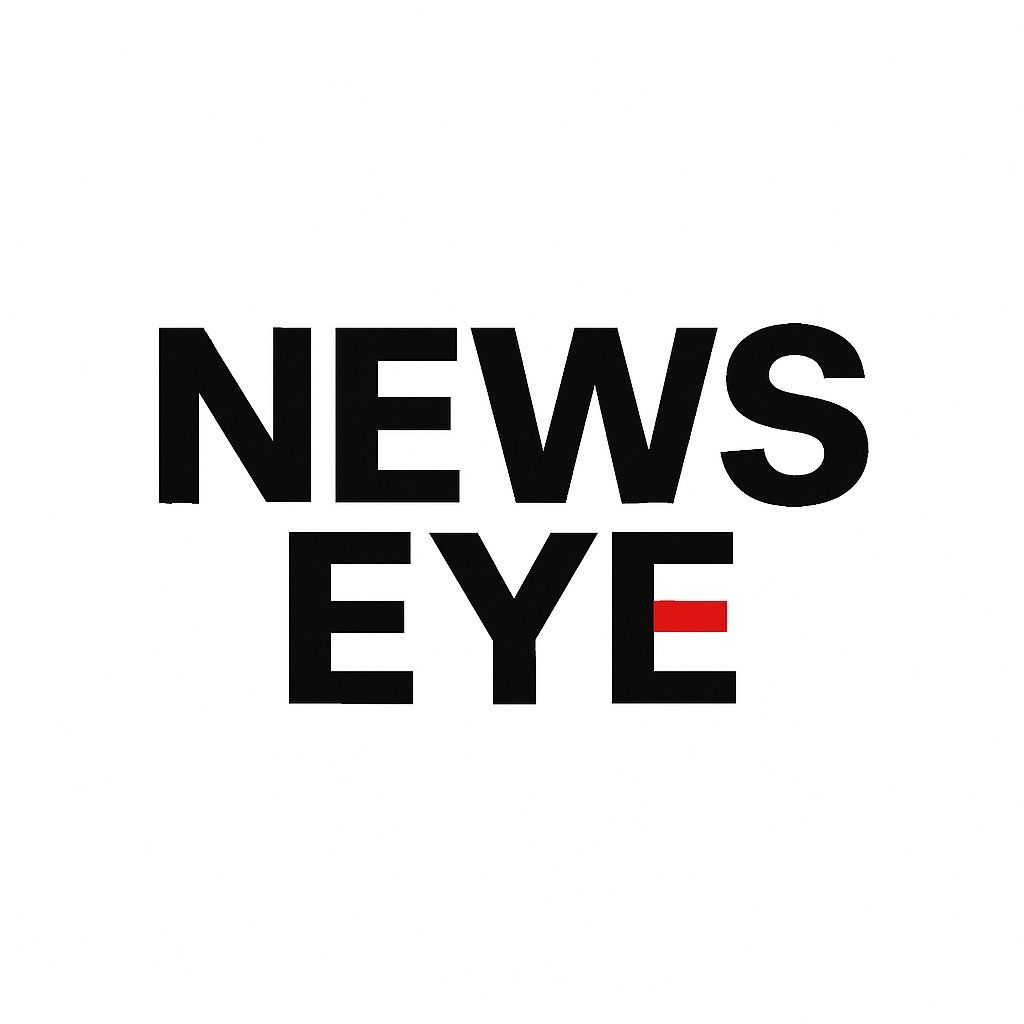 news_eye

● ● ● ● ●

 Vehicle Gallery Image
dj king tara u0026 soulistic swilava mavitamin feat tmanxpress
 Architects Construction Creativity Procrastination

● ● ● ● ●

## Task
The listing above holds a line with "dj king tara" and a line with "Architects Construction Creativity". Print the stretch from the first through the second, exactly and alone.

## Response to the task
dj king tara u0026 soulistic swilava mavitamin feat tmanxpress
 Architects Construction Creativity Procrastination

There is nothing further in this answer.